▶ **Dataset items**
··········

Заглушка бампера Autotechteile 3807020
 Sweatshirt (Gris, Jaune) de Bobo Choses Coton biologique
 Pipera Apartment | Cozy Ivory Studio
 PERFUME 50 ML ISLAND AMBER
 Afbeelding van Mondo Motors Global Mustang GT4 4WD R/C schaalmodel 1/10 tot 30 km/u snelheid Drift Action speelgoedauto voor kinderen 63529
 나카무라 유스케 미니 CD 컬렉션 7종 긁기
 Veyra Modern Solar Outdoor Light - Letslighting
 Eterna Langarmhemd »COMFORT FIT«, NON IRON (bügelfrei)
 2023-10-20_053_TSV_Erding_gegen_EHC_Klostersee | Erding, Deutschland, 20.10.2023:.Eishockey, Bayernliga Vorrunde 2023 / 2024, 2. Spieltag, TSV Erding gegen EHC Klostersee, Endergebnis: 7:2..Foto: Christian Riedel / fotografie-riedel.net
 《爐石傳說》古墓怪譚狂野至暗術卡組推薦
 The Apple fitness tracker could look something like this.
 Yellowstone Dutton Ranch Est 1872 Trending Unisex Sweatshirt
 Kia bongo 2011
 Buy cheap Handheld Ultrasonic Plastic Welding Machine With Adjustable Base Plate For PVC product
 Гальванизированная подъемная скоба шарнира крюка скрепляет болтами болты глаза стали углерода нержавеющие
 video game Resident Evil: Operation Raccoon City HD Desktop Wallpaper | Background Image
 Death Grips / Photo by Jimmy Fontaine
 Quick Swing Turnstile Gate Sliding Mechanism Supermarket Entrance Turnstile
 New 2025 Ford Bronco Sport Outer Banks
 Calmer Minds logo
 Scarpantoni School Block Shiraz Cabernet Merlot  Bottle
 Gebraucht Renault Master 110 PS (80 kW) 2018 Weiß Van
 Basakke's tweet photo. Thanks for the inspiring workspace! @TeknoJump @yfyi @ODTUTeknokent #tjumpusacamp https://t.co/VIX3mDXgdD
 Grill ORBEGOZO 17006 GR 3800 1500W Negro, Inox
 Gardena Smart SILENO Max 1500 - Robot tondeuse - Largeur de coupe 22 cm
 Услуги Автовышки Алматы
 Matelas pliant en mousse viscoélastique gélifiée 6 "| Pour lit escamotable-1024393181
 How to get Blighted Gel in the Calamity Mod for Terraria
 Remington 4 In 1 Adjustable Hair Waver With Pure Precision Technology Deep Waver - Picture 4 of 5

··········

▶ **Problem**
The response must consist of the lines above, from the first one through the line containing "The Apple fitness", reproduced exactly.

▶ **Expected answer**
Заглушка бампера Autotechteile 3807020
 Sweatshirt (Gris, Jaune) de Bobo Choses Coton biologique
 Pipera Apartment | Cozy Ivory Studio
 PERFUME 50 ML ISLAND AMBER
 Afbeelding van Mondo Motors Global Mustang GT4 4WD R/C schaalmodel 1/10 tot 30 km/u snelheid Drift Action speelgoedauto voor kinderen 63529
 나카무라 유스케 미니 CD 컬렉션 7종 긁기
 Veyra Modern Solar Outdoor Light - Letslighting
 Eterna Langarmhemd »COMFORT FIT«, NON IRON (bügelfrei)
 2023-10-20_053_TSV_Erding_gegen_EHC_Klostersee | Erding, Deutschland, 20.10.2023:.Eishockey, Bayernliga Vorrunde 2023 / 2024, 2. Spieltag, TSV Erding gegen EHC Klostersee, Endergebnis: 7:2..Foto: Christian Riedel / fotografie-riedel.net
 《爐石傳說》古墓怪譚狂野至暗術卡組推薦
 The Apple fitness tracker could look something like this.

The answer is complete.